# What is a good contrast wood for oak?



## darthford (Feb 17, 2013)

I'm suffering through a 2 week designers block on a simple project (quilt ladder). Now I'm thinking of introducing a contrast wood to ignite some ideas. Below is the color I'll be shooting for, I know black hardware contrasts nicely with this color oak but I'm not sure about a black walnut, I don't really imagine those two woods going together. I could go lighter I suppose, with a maple. I'm open to suggestions my local hardwoods suppliers have just about everything.


----------



## SWCPres (Mar 19, 2014)

Are you using red oak or white oak? I would use WO and Walnut, they go well together.









This is a blanket chest I made years ago WO and Walnut with Pecan (minwax) stain. If your going to be heavy on the hardware like the picture above in your post. I wouldn't use a contrasting wood. Cherry and Walnut also look good together as well. If only small accent pieces, use Jatoba or Sapele for a dark red accent.


----------



## bannerpond1 (Mar 15, 2013)

My own preference would not be to have something with as stark a difference as oak and walnut. That is, unless you stain the oak. Since I'm not big on stains, I wouldn't do it at all.

Rather than that, I'd choose something which compliments the wood in both color and grain.
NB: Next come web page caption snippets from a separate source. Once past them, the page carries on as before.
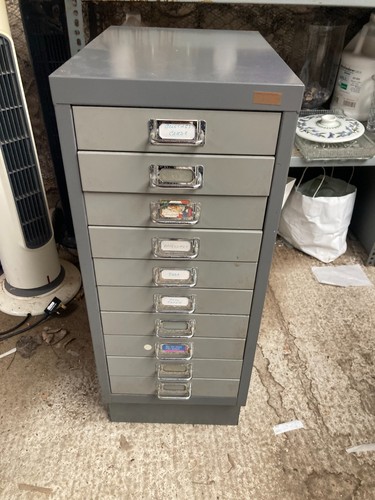 Drawer filing cabinet grey - drawer,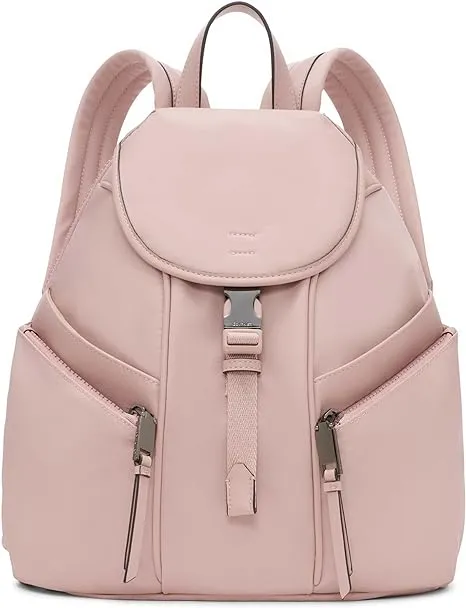 Calvin Klein Shay Organizational Backpack, Rosewood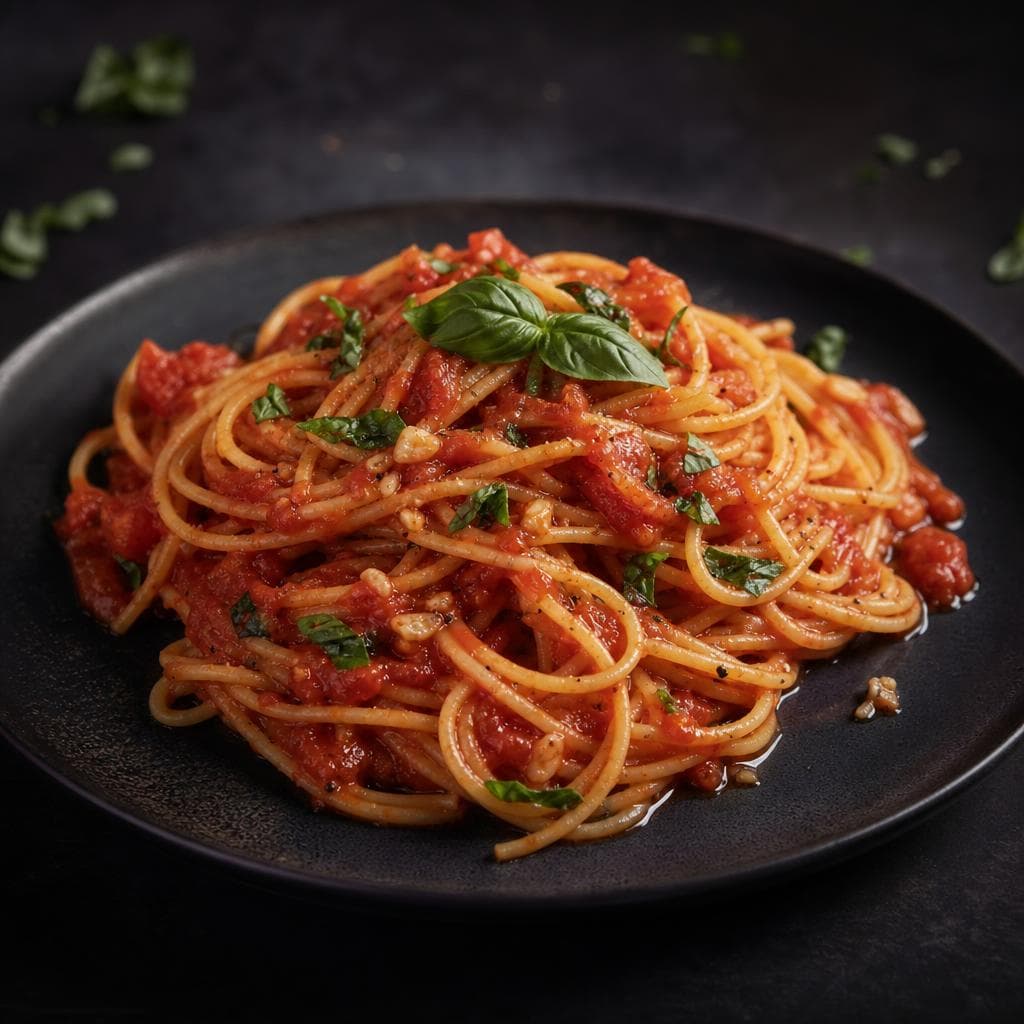 Quick and Easy Tomato Pasta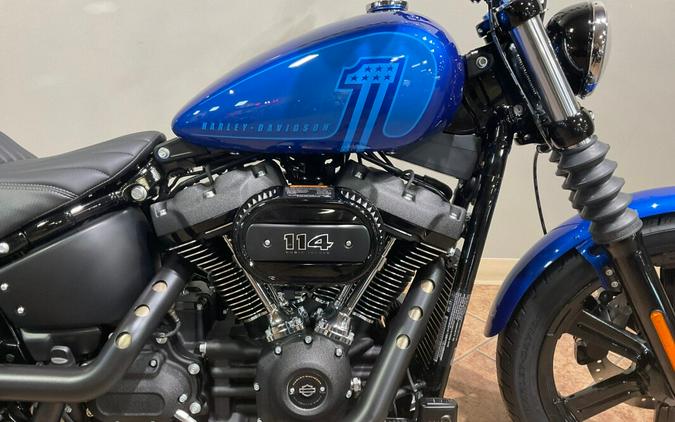 2024 Harley-Davidson®FXBBS Street Bob® 114 Blue Burst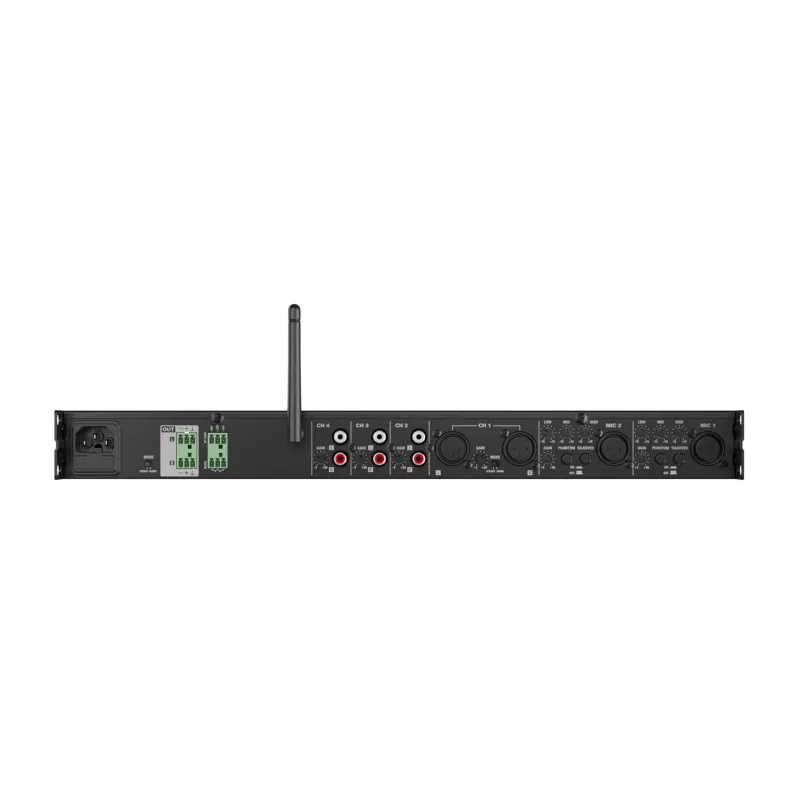 Audio-Preamplifier AUDAC PRE116 Bluetooth 90 dB SNR 20-20000 Hz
Example: Quarter sawn cherry with panels of plain-sawn walnut with cathedral flames on it. Or straight-grained, if not QS walnut with cherry panels. Wild cherry can have some fantastic patterns in it. You'll never know until you open it. If you have access to a supplier who will let you pick through the wood, you could probably find some figured cherry for the panels or drawer fronts.

I have a small treasure box which I made of beech with a cherry lid. The beech ended up a medium brown with tung oil, and the cherry darkened with the oil. It's nice contrast, but nowhere near a black and white difference.


----------



## Yonak (Mar 27, 2014)

Darth, I agree with Dale .. especially the complementary grain part. With oak, another wood species with an open grain would look good. To me, it's disconcerting to see open-grained and closed-grained woods paired, unless it's part of a concept design.
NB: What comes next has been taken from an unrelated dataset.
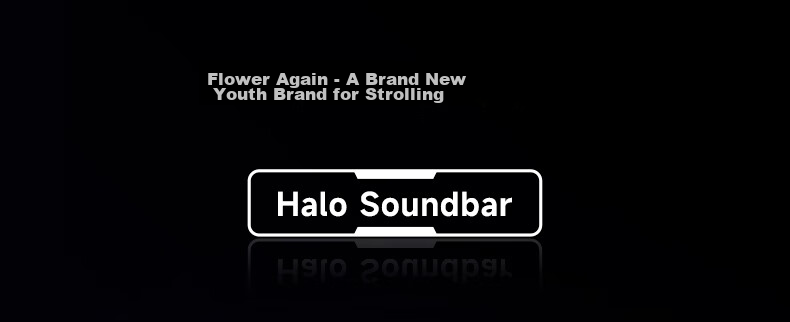 EDIFIER Halo SoundBar Desktop Bluetooth Speaker, High-Fidelity Computer Gaming Speaker, RGB Lighting Effects, Dawn White 1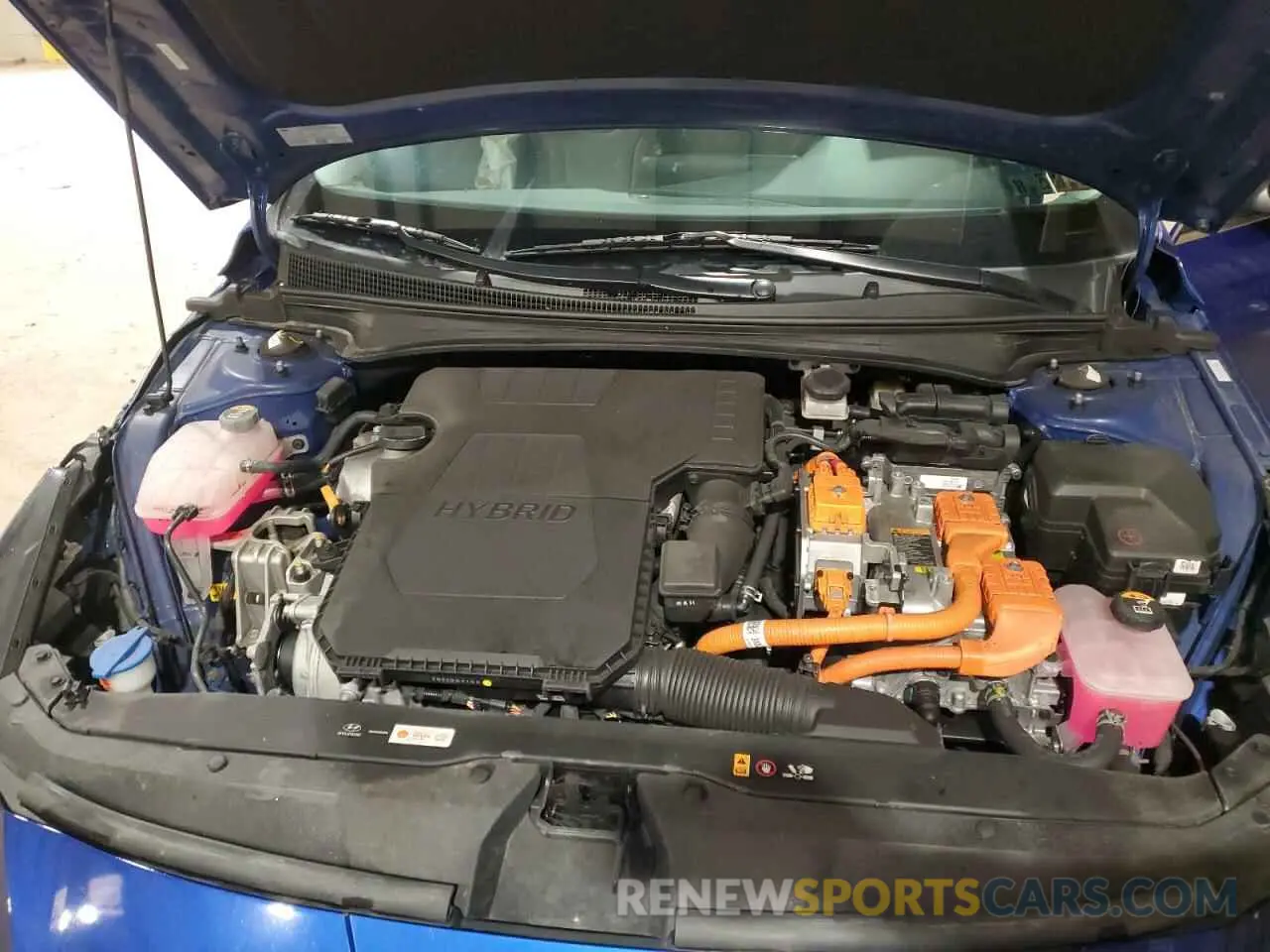 12 Photograph of a damaged car KMHLN4AJ5PU046323 HYUNDAI ELANTRA 2023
You didn't say whether you're using white oak or red oak and, while I don't think I'd pair ash with white oak, red oak may be ok, unless it's, like, a black ash or something with a tanner or browner color. I believe I'd look toward, say, sassafras, pecan, butternut, hickory, pretty much any of the "nut" woods, etc.
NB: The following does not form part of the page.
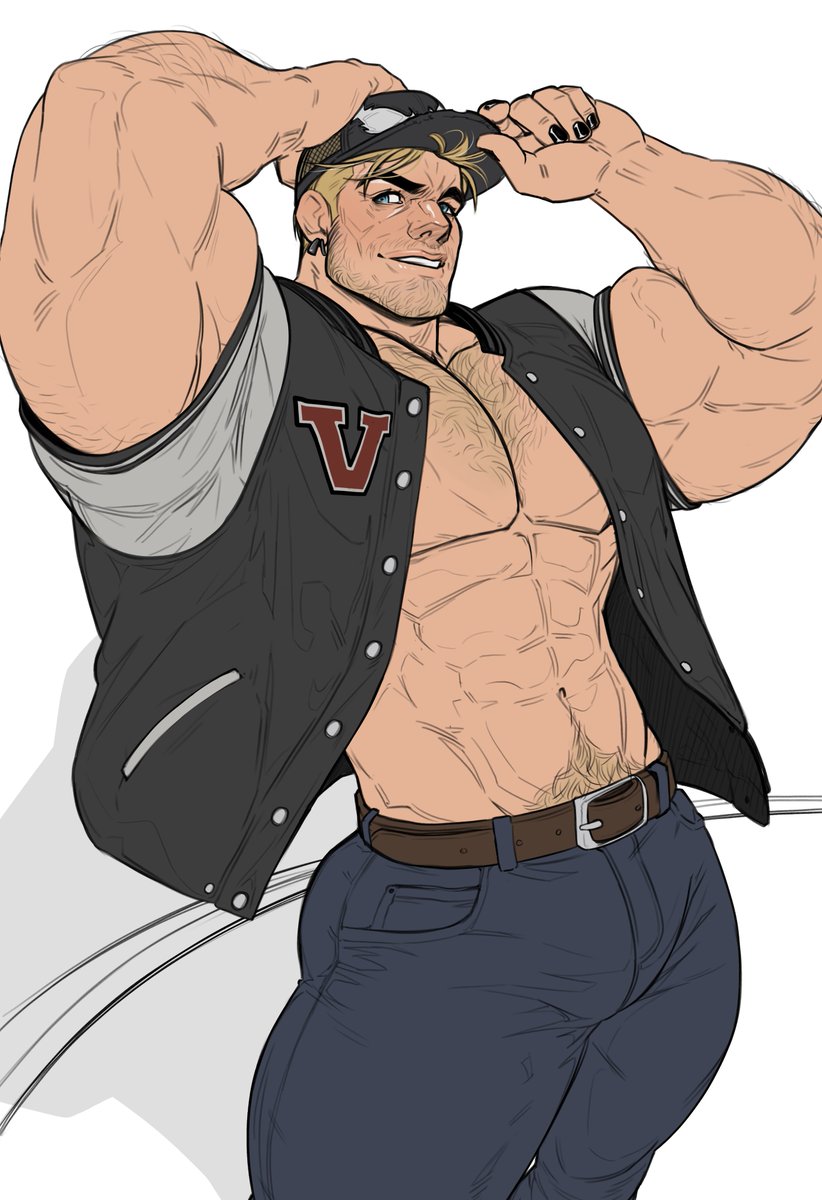 Something about the fact that Eddie will sometimes dress like a college student is just...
However, if you plan to stain any of the species, the original color, of course, changes the decision and more woods could be in play, as long as the grains remain complementary.


----------



## RussellAP (Feb 21, 2012)

Oak is a good middle of the road color for wood, which limits the contrast you can use. It will however take a stain very well so you might consider the same wood with different stains. Sure would simplify things.


----------



## Finn (May 26, 2010)

No Stain Oak and walnut. Also Mahogany and oak. Plenty contrast with natural colors.


----------



## UpstateNYdude (Dec 20, 2012)

Curly maple is a good contrast and I like character wood in my pieces anyway, unless requested otherwise.


----------



## okwoodshop (Sep 15, 2009)

Purple heart looks good as an accent wood with a color like what you are trying for, I don't know how the quilt ladder would look with contrasting woods. would you be able to see them anyway?? Also think about part natural wood or stained and painted pieces mixed.


----------



## Yonak (Mar 27, 2014)

Here's a quilt hanger of walnut and ash as an example of contrasting woods :



















Maybe it detracts from the quilt. It's hard to say.


----------



## darthford (Feb 17, 2013)

ARRG! Well I guess I can re-think the choice of wood. I had 2 pieces of 5/4 oak for the side rails, one was a bit warped, maybe a 1/8 inch bowed. Both had been in my shop for months. I jointed both flat on the jointer, so far so good. Then ran them through the planer and the warped board on the left went from flat to major BOING! Dang that's like a 1/2 inch bow. (face palm) Heck with it I closed up the shop and I'm going to go cook spaghetti.


----------



## mojapitt (Dec 31, 2011)

I have used oak with black walnut and liked it.


----------